Brief descriptive captions
┌────────

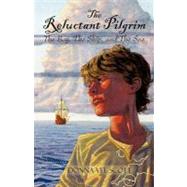 The Reluctant Pilgrim: The Boy, the Ship, and the Sea by Scott, Donna-vee, 9781450252089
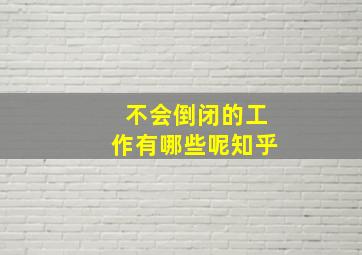 不会倒闭的工作有哪些呢知乎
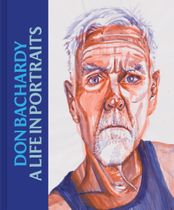 Don Bachardy: A Life in Portraits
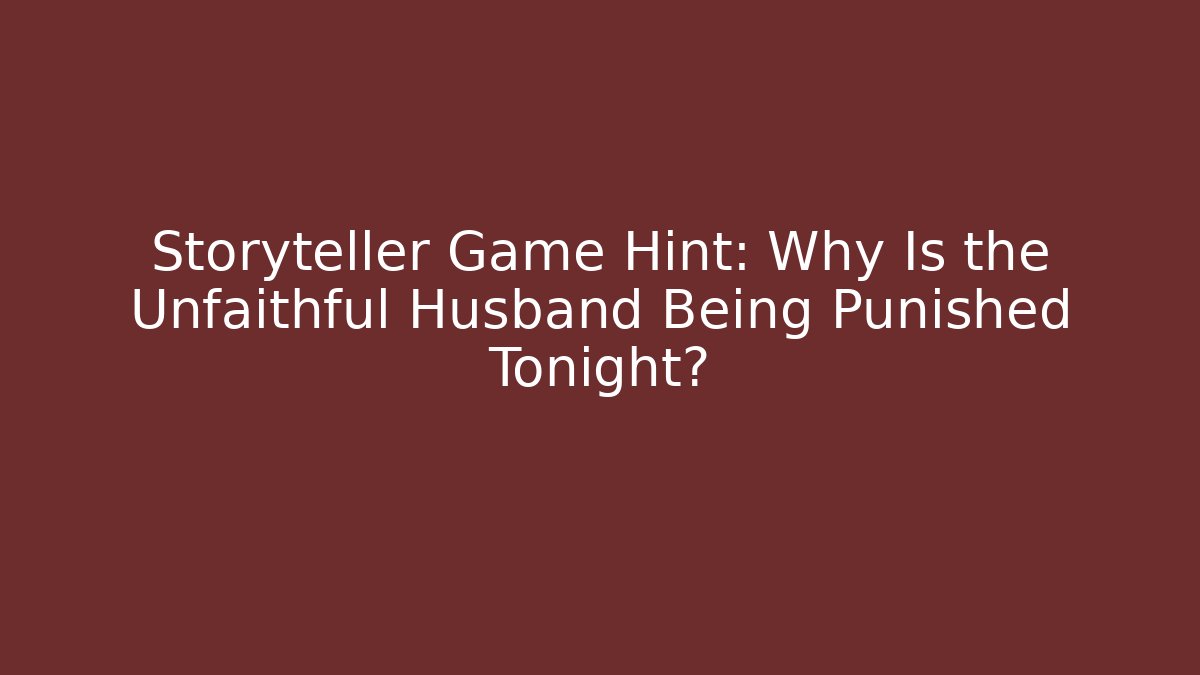 Storyteller Game Hint: Why Is the Unfaithful Husband Being Punished Tonight?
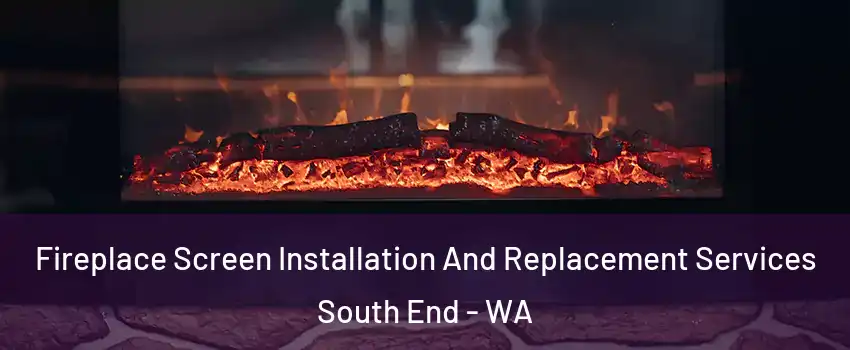 Fireplace Screen Installation And Replacement Services South End - WA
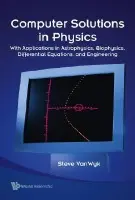 Computer Solutions In Physics: With Applications In Astrophysics, Biophysics, Differential Equations, And Engineering (With Cd-rom) - Van Wyk, Steve (Olympic College, Usa)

└────────

With the pictures omitted, print precisely the lines from the one with "Fireplace Screen Installation" to the final line of the records, both included.

 Fireplace Screen Installation And Replacement Services South End - WA
 Computer Solutions In Physics: With Applications In Astrophysics, Biophysics, Differential Equations, And Engineering (With Cd-rom) - Van Wyk, Steve (Olympic College, Usa)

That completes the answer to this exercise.